Studies look at role of brain cell loss in movement disorder and early Alzheimer’s changes in patients with Down syndrome
Essential tremor linked to loss of Purkinje brain cells
Essential tremor (ET) is a common movement disorder affecting about 2% of the American population, and more than 20% of those over 90 years old. Despite its prevalence and decades of study, researchers don’t know the precise mechanisms underlying ET. Some research has suggested the brain’s cerebellum, responsible for coordinating voluntary movements, balance, and motor learning, gradually loses Purkinje cells (large neurons) and their cellular neighbors in ET patients. However, other studies haven’t shown this phenomenon.

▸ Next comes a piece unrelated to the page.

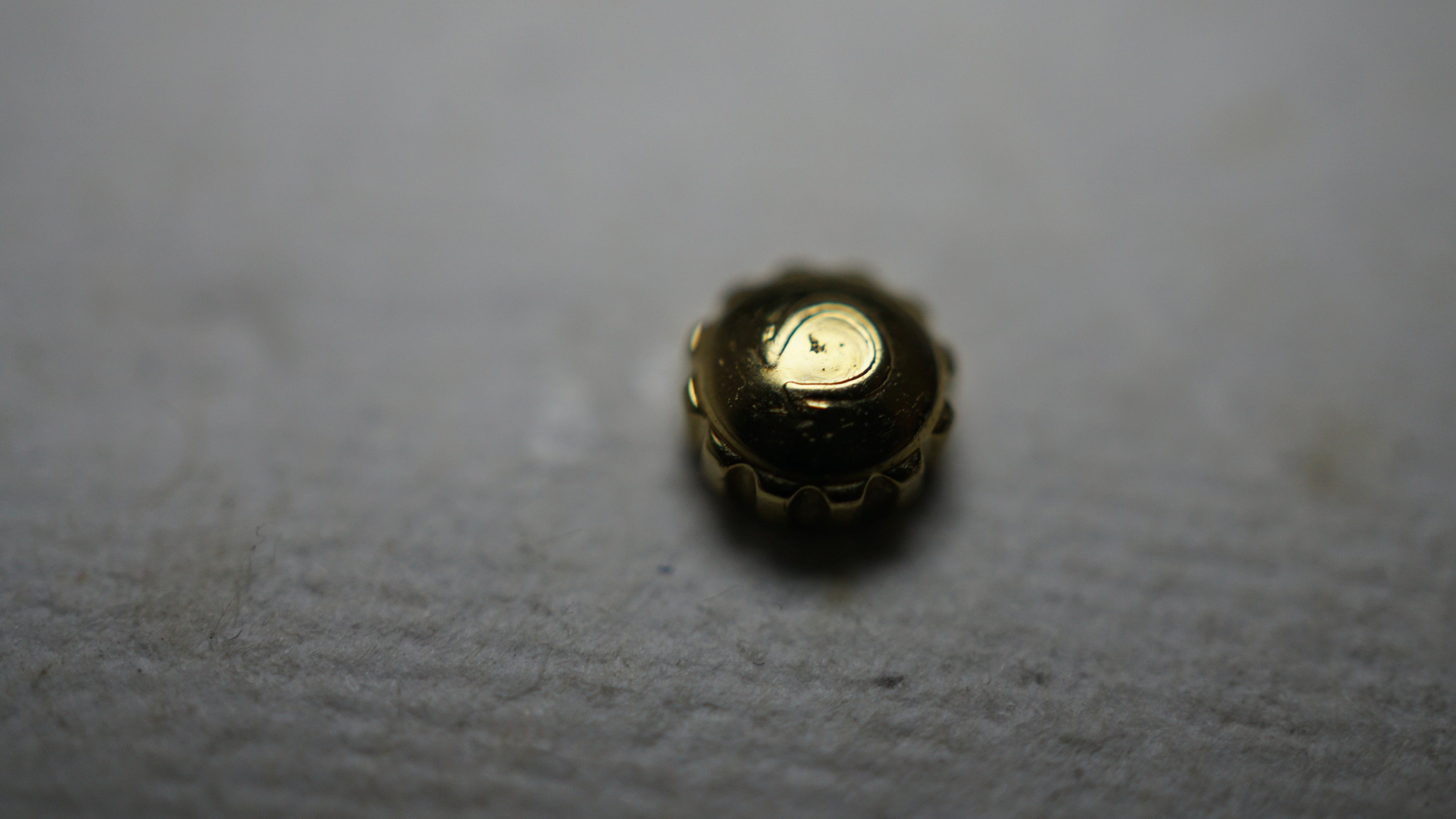 Original Omega Crown 1.2 mm Yellow Gold – Genuine Omega Watch Part Fama Elegance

To determine definitively whether these cells are lost, Elan Louis, M.D., M.S., Chair and Professor of Neurology and Investigator in the Peter O’Donnell Jr. Brain Institute at UT Southwestern Medical Center, worked with longtime collaborators at Columbia University Irving Medical Center to examine 452 postmortem brains. Among these specimens, 215 were donated over a 21-year period by patients who had ET, 165 were donated by healthy individuals, and 72 were donated by patients who had spinocerebellar ataxia, another movement disorder.

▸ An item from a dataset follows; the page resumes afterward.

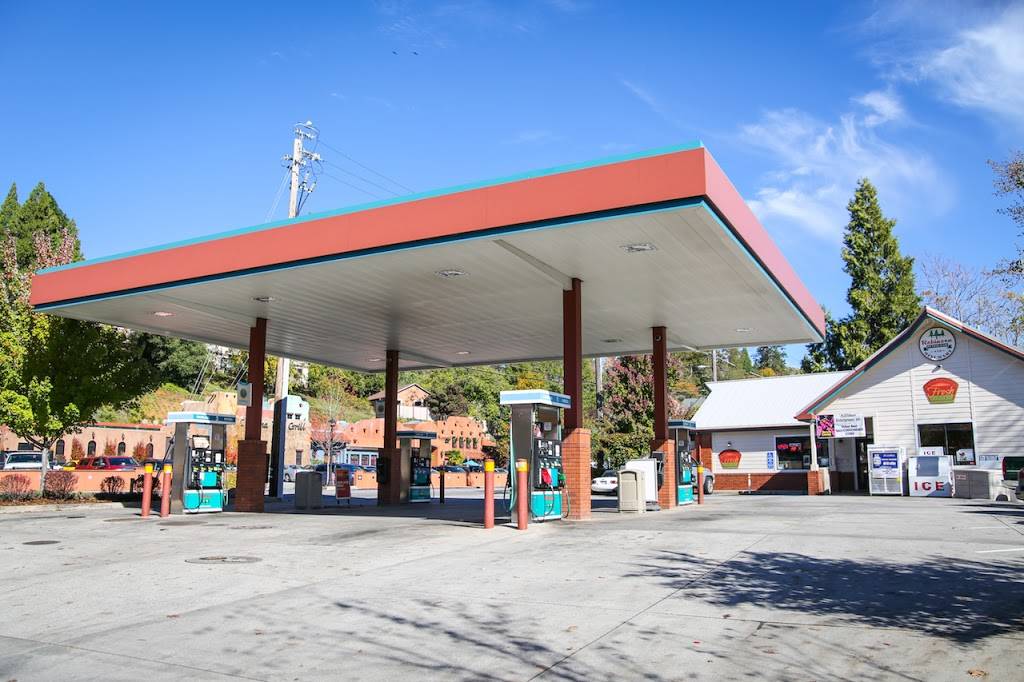 Robinson 201 | meal takeaway | 201 E Main St, Grass Valley, CA 95945, USA | 5302739864 OR +1 530-273-9864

Their analysis, published in Annals of Clinical and Translational Neurology, showed that the ET patients had about 15% lower Purkinje cell density compared with the other groups, as well as significant loss of nearby cells. Discovering the cause of this loss could lead to new treatments for ET, the study authors said.
Other UTSW researchers who contributed to the study are Roberto Hernandez, Ph.D., Data Scientist, and Nora Hernandez, M.D., Manager of Research Programs.
Alzheimer’s changes appear early in patients with Down syndrome
Down syndrome is caused by an extra copy of chromosome 21. Because of genes present on this chromosome that are known to contribute to Alzheimer’s disease, patients with Down syndrome often develop the disease, sometimes at a relatively young age. However, few studies have examined Alzheimer’s-related pathological changes in the brains of people with Down syndrome, especially pediatric patients and those who are Black or Hispanic. Studies also hadn’t explored other neurodegenerative conditions in those with Down syndrome.
In a study published in the Journal of Alzheimer’s Disease, researchers led by a team at UT Southwestern examined 34 postmortem brains donated by patients with Down syndrome who underwent autopsies at UTSW between 1986 and 2023. They also incorporated findings from four previous studies, along with data from the National Alzheimer’s Coordinating Center (NACC), which collectively included an additional 126 brains from individuals with Down syndrome. The combined data encompassed a wide range of ages and races.
The findings showed that pathological changes associated with Alzheimer’s disease, such as amyloid plaques appearing as early as age 11 and tau tangles emerging by the mid-30s, were present in people with Down syndrome and increased with age, regardless of race. Other neurodegenerative conditions that frequently occur with Alzheimer’s disease were relatively rare in individuals with Down syndrome. These findings could help researchers develop unique diagnostic and therapeutic strategies for this population, the researchers concluded.
UTSW researchers who contributed to the study include first author Fatih Canan, M.D., Neuropathology fellow; Jack Raisanen, M.D., Professor of Pathology; Dennis Burns, M.D., Professor Emeritus of Pathology; Kimmo Hatanpaa, M.D., Ph.D., Professor of Pathology; Charles White III, M.D., Professor of Pathology and Director of Neuropathology and the Winspear Family Special Center for Research on the Neuropathology of Alzheimer's Disease; and senior author Elena Daoud, M.D., Ph.D., Assistant Professor of Pathology. Drs. Daoud and White are Investigators in the O’Donnell Brain Institute.